# Homework 1
## Deadline: Jan 27, 2024

### Instructions
Submit one Python notebook file for grading. Your file must include mathematical work (type it or insert pictures of your handwritten work), **text expalanations** of your work, **well-commented code**, and the **outputs** from your code.

## Problems

1. Ridge regression is a modified version of linear regression that penelizes the coefficients for being large. It accomplishes this by adding a so-called $L^2$ penalty term to the loss function (e.g. mean squared error): $L(\theta)=\frac{1}{n}\sum\limits_{i=1}^n \left(\hat{f}(x_i)-y_i\right)^2 + \lambda\sum\limits_{i=1}^d \theta_i^2$

    where $\lambda>0$ is a **hyperparameter** that must be tuned by the user.
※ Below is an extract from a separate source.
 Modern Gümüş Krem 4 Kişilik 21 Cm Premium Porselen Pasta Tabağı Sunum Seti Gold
An appropriate choice of $\lambda$ can often help with learning datasets where the input features are highly correlated or it can help with an overfitting problem.
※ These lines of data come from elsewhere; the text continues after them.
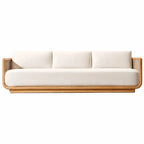 Teak Outdoor Sofa Set with Curved Woven Frames and Round Table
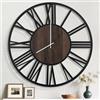 Mee 2ou Orologio da Parete Gigante 80cm, Silenzioso Stile Rustico in Metallo con Quadrante in Legno, Orologio a Batteria per Soggiorno, Camera, Cucina, Ufficio, Decorazione Casa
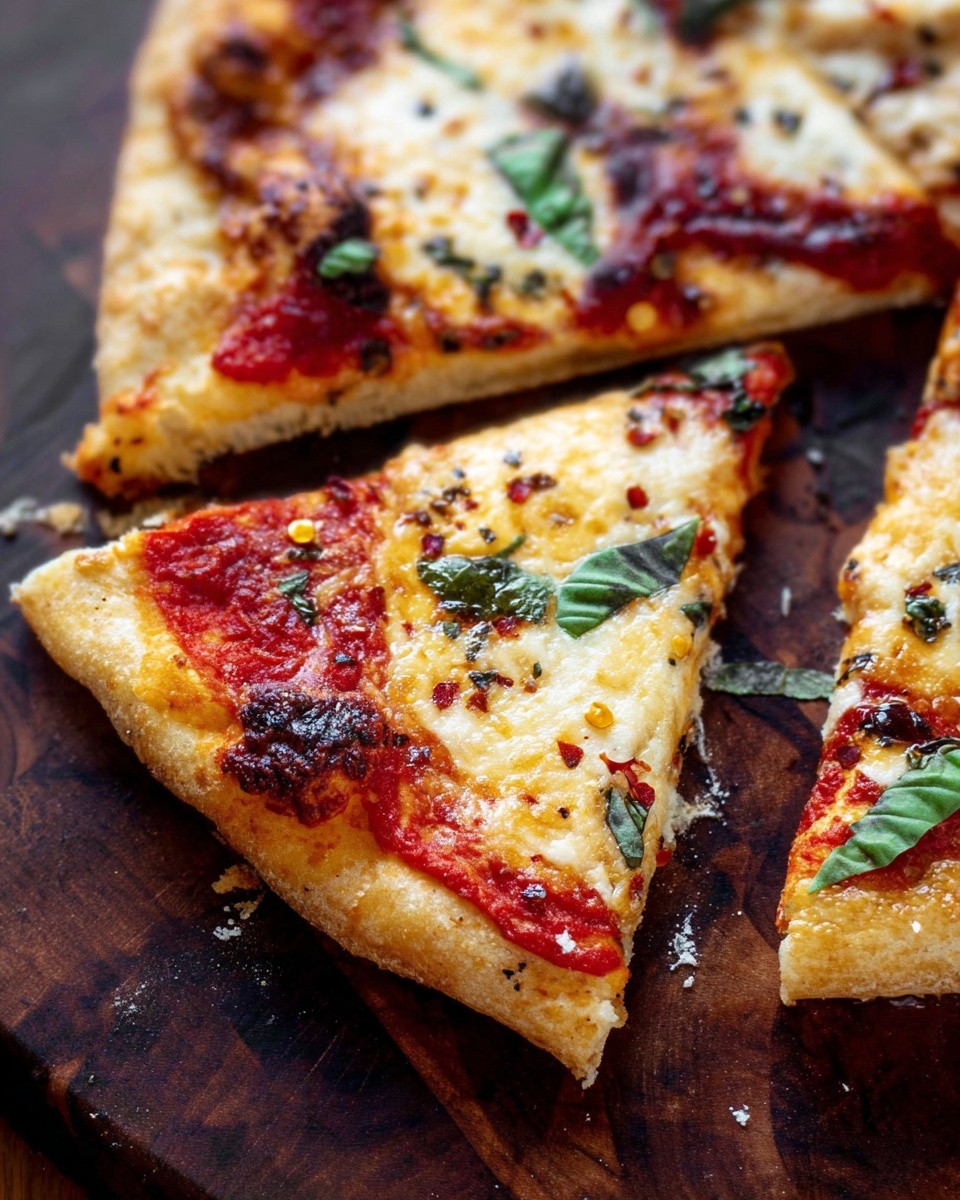 A close-up view of a pizza slice on a dark wooden board, showing three main layers: a golden-brown crust base with a slightly puffed edge, a thick bright red tomato sauce layer spread unevenly, and a melted light yellow cheese layer with some browned spots on top. There are green basil leaves scattered across the slice, some partly covered by cheese. Small bits of red pepper flakes and herbs are also sprinkled on the cheese, adding texture and color contrast photo taken with an iphone --ar 4:5 --v 7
     a. **[5 points]** Write each part of $L(\theta)$ in matrix-vector form where $\hat{f}$ is a LBF expansion regression model. Define each matrix and vector separately by writing their elements with subscripts, and state their dimensions.
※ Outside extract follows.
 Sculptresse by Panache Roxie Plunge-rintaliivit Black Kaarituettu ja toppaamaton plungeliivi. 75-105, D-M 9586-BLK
Ridge Regression = $L(\theta)=\frac{1}{n}\sum\limits_{i=1}^n \left(\hat{f}(x_i)-y_i\right)^2 + \lambda\sum\limits_{i=1}^d \theta_i^2$

<!-- Loss Function = $\frac{1}{n}\sum\limits_{i=1}^n \left(\hat{f}(x_i)-y_i\right)^2$

$L^2$ Penalty Term = $\lambda\sum\limits_{i=1}^d \theta_i^2$ -->

$$X = \begin{bmatrix}
x_1 & ... & x_n\\
... & ... & ... \\
x_d & ... & x_{nd}\\
\end{bmatrix}$$

$$X_h = \begin{bmatrix}
h_0(x_1) & ... & h_M(x_1)\\
... & ... & ... \\
h_0(x_c) & ... & h_M(x_{n})\\
\end{bmatrix}$$


Firstly, we can pull out our constant $\frac{1}{n}$. In addtion to this, we know that we can represent $\hat{f}({x_i})$ in matrix vector form as $\hat{f}(X) = X_h(\theta)$. We can also represent the value $y_i$ as $y$.  
  
Thus, for our Ridge regression function can be represented as, $\frac{1}{n}||X_h\theta - y||^2_2$.  
  
For our penalty term, $\lambda$ remains, however, to represent $\lambda\sum\limits_{i=1}^d \theta_i^2$ in matrix vector form we take our $\theta_i^2$ term and represent it as, $\theta^T\theta$ because we are squaring the $\theta$ value we must multiply it by the transpose of that matrix.  
  
Finally, we come to our function written in matrix vector form:

$L(\theta) = \frac{1}{n}||X_h\theta - y||^2_2 + \lambda\theta^T\theta$


b. **[5 points]** Solve the following optimization problem by hand for the loss function $L$ above $\min\limits_{\theta\in\mathbb{R}^{d+1}} L(\theta)$

First we can expend the normalized terms in the above function and represent them as:  
  
$\frac{1}{n}(X_h\theta-y)^T(X_h\theta-y)$  
  
At this point, we can pull out our fraction $\frac{1}{n}$ for the time being because it is a constant. We will extend our transpose to give us:  
  
$((X_h\theta)^T-y^T)(X_h\theta-y)$  
  
After doing this we can FOIL our function out to give us:  
  
$(X_h\theta)^TX_h\theta - (X_h\theta)^Ty - y^TX_h\theta + y^Ty = \theta^TX_h^TX_h\theta - 2\theta^TX_h^Ty + y^Ty$  
  
Once we have simplified our function we can now start finding the minimum.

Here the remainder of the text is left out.